Update README.md

8aed052 verified about 2 months ago

3.11 kB

license: mit

magicBERT

A masked-language-model-style transformer for Commander deck completion. Given a partial deck (the "context") and a sequence of masked slots, magicBERT predicts the full 100-card deck in a permutation-invariant way using Hungarian matching.

Architecture

magicBERT uses a standard transformer encoder with one addition: after each encoder layer, a cross-attention layer attends to a set of context card embeddings.

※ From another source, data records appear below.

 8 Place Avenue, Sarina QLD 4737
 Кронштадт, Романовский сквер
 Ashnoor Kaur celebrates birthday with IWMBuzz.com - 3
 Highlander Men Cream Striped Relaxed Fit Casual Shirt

The context cards serve as the conditioning signal — "given these cards, complete the rest of the deck."

input_ids (masked slots to fill)
      |
[Token + Positional Embeddings]
      |
  Encoder Layer 1
      |
  Cross-Attention → context_cards
      |
  Encoder Layer 2
      |
  Cross-Attention → context_cards
      ...
      |
  LayerNorm → LM Head → logits (B, seq_len, vocab_size)

Generation

Two generation modes are available:

generate — single-pass: run one forward pass, apply a legality mask (Commander-legal cards only), then solve the global assignment problem with linear_sum_assignment.Basics are allowed to repeat; non-basics are constrained to appear at most once.
iterative_generate — multi-pass refinement: after each step, the lowest-confidence slots are re-masked and the model is run again, allowing it to revise uncertain picks in light of its other choices.

Usage

import torch
from transformers import AutoModel, AutoTokenizer

model_name = "nishtahir/magicBERT"
model = AutoModel.from_pretrained(model_name, trust_remote_code=True)  # type: ignore[assignment]
model.eval()

tokenizer = AutoTokenizer.from_pretrained(model_name, trust_remote_code=True)

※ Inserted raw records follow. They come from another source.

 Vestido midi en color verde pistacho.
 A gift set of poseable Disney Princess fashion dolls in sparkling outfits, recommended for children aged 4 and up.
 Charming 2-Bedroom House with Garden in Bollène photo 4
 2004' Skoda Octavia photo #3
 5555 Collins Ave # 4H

cards = ["Yuriko, the Tiger's Shadow"]

# Tokenize context cards
context_token_ids: list[int] = tokenizer.convert_tokens_to_ids(cards)  # type: ignore[assignment]
unknown = [
    name
    for name, tid in zip(cards, context_token_ids, strict=True)
    if tid == tokenizer.unk_token_id
]
if unknown:
    print(f"Warning: the following cards were not found in the vocabulary: {unknown}")

# Build (1, C) context tensor
context_ids = torch.tensor([context_token_ids], dtype=torch.long)

# Built input vector of masked cards.
seq_len: int = model.config.seq_len
input_ids = torch.full((1, seq_len), model.config.mask_token_id, dtype=torch.long)

# Make prediction
token_ids = model.generate(input_ids, context_ids=context_ids)  # (1, seq_len)

# Decode token Ids back into card names
slot_ids: list[int] = token_ids[0].tolist()
card_names: list[str] = tokenizer.convert_ids_to_tokens(slot_ids)  # type: ignore[assignment]

pad_token = tokenizer.pad_token
deck = [name for name in card_names if name != pad_token]

print(f"\nGenerated deck ({len(deck)} cards):")
for i, name in enumerate(deck, 1):
    print(f"  {i:>3}. {name}")

#  Generated deck (100 cards):
#    1. Watery Grave
#    2. Yuriko, the Tiger's Shadow
#    3. Verdant Catacombs
#    4. Island
#    5. Prosperous Thief
#    6. Clearwater Pathway // Murkwater Pathway
#    7. Island
#    8. Island
#    9. Mist-Syndicate Naga
#   10. Marsh Flats